- [ASSIGNMENT]:
Copy the data verbatim and leave out every picture.

- [INPUT DATA]:
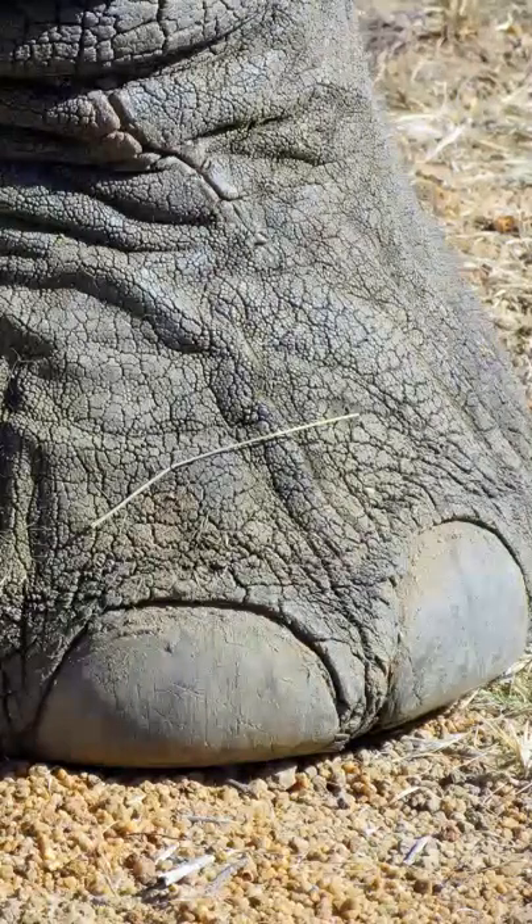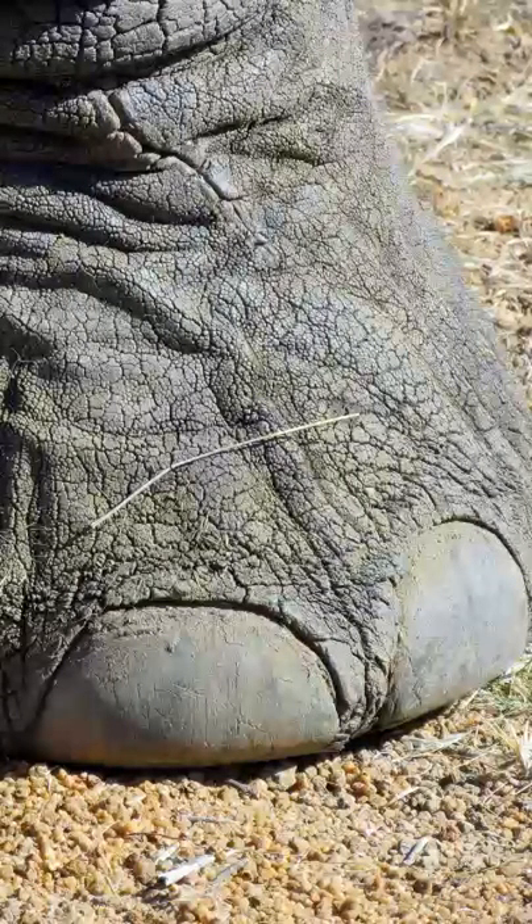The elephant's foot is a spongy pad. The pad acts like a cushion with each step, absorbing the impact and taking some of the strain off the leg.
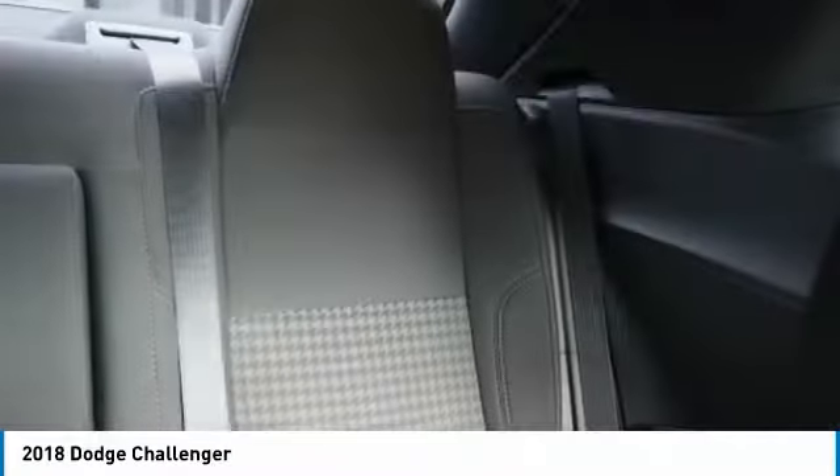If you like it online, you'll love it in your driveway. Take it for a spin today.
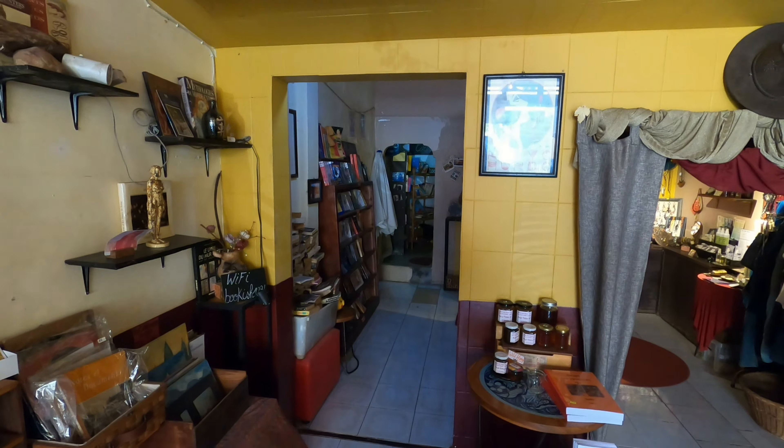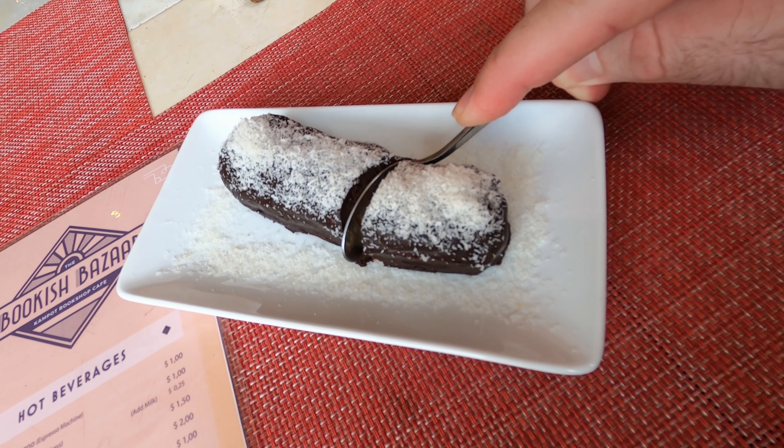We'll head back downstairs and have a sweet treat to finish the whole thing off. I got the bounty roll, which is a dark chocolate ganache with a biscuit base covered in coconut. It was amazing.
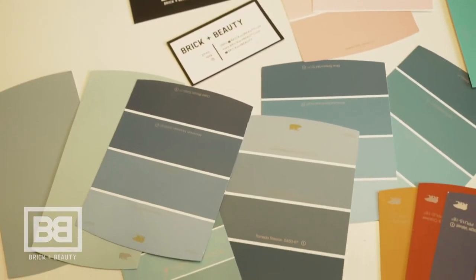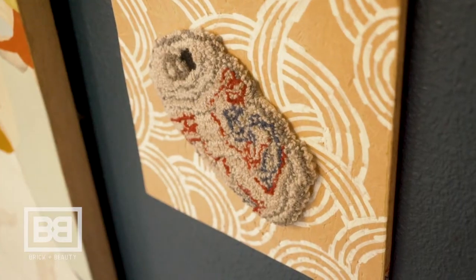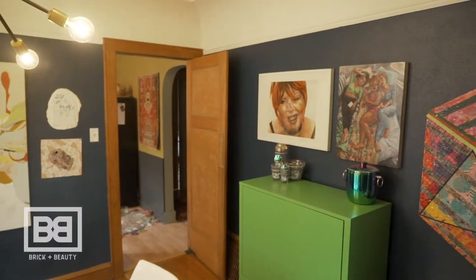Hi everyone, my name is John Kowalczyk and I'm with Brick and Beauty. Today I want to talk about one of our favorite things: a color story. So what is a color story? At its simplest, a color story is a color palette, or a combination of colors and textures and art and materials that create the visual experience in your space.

- [RESULT BELOW]:
The elephant's foot is a spongy pad. The pad acts like a cushion with each step, absorbing the impact and taking some of the strain off the leg.
If you like it online, you'll love it in your driveway. Take it for a spin today.
We'll head back downstairs and have a sweet treat to finish the whole thing off. I got the bounty roll, which is a dark chocolate ganache with a biscuit base covered in coconut. It was amazing.
Hi everyone, my name is John Kowalczyk and I'm with Brick and Beauty. Today I want to talk about one of our favorite things: a color story. So what is a color story? At its simplest, a color story is a color palette, or a combination of colors and textures and art and materials that create the visual experience in your space.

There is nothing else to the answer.